## What you should do
Beginning at the line that holds "Additional image 8 of 38 Narbonne Cres" and continuing to the last line of the data below, transcribe every line word for word, without pictures.

## Provided material
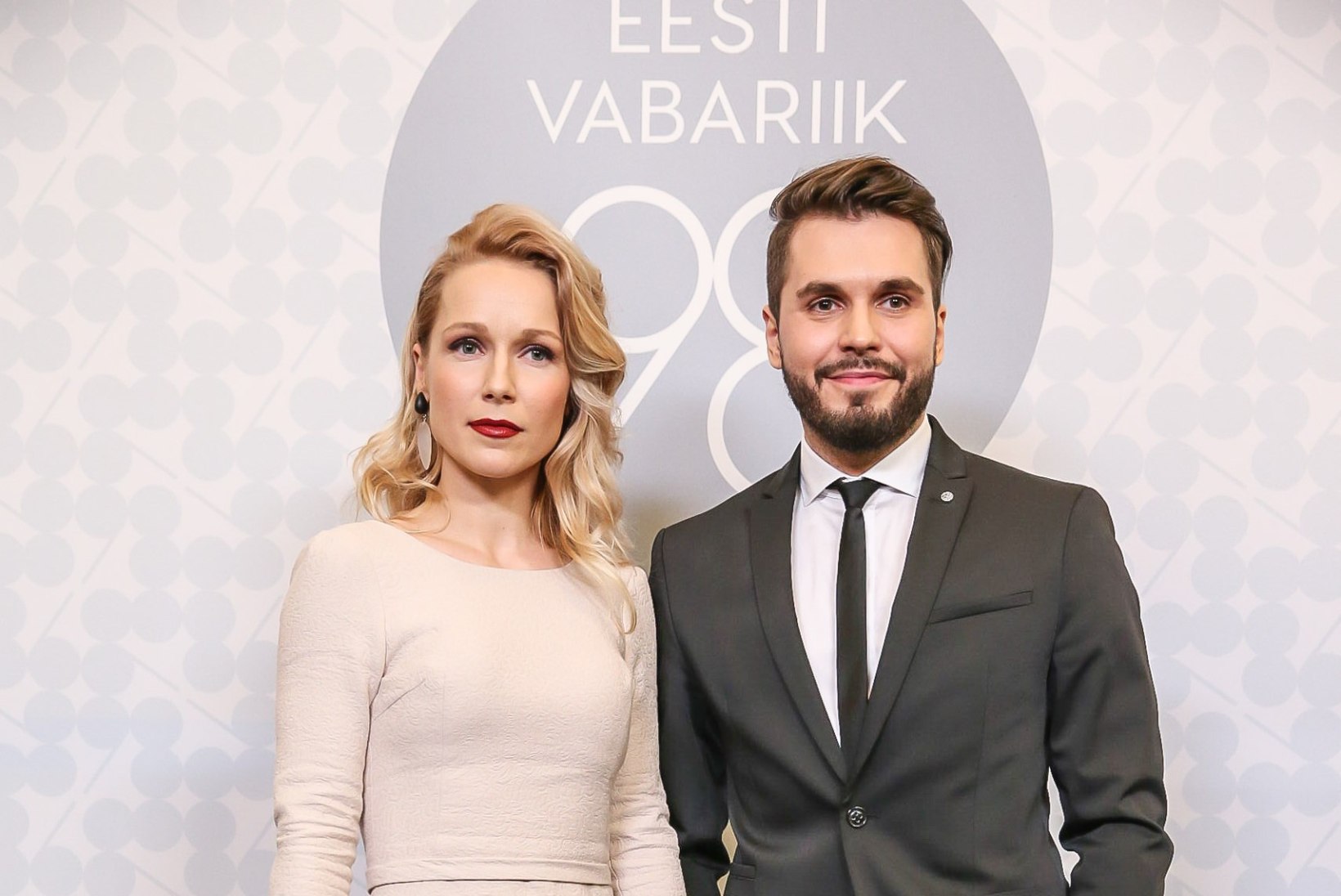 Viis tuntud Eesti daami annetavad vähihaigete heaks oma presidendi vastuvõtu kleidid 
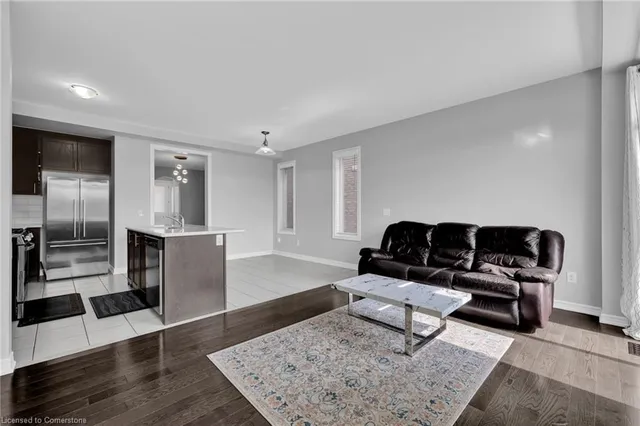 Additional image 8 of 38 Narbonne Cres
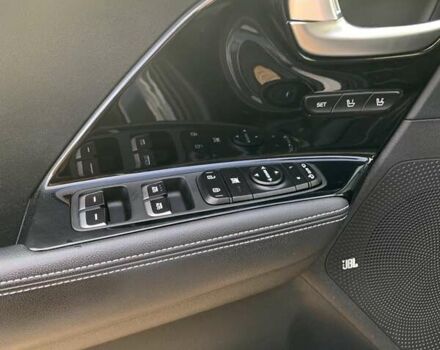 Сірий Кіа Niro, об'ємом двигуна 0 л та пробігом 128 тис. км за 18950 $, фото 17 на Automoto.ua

## Task answer
 Additional image 8 of 38 Narbonne Cres
 Сірий Кіа Niro, об'ємом двигуна 0 л та пробігом 128 тис. км за 18950 $, фото 17 на Automoto.ua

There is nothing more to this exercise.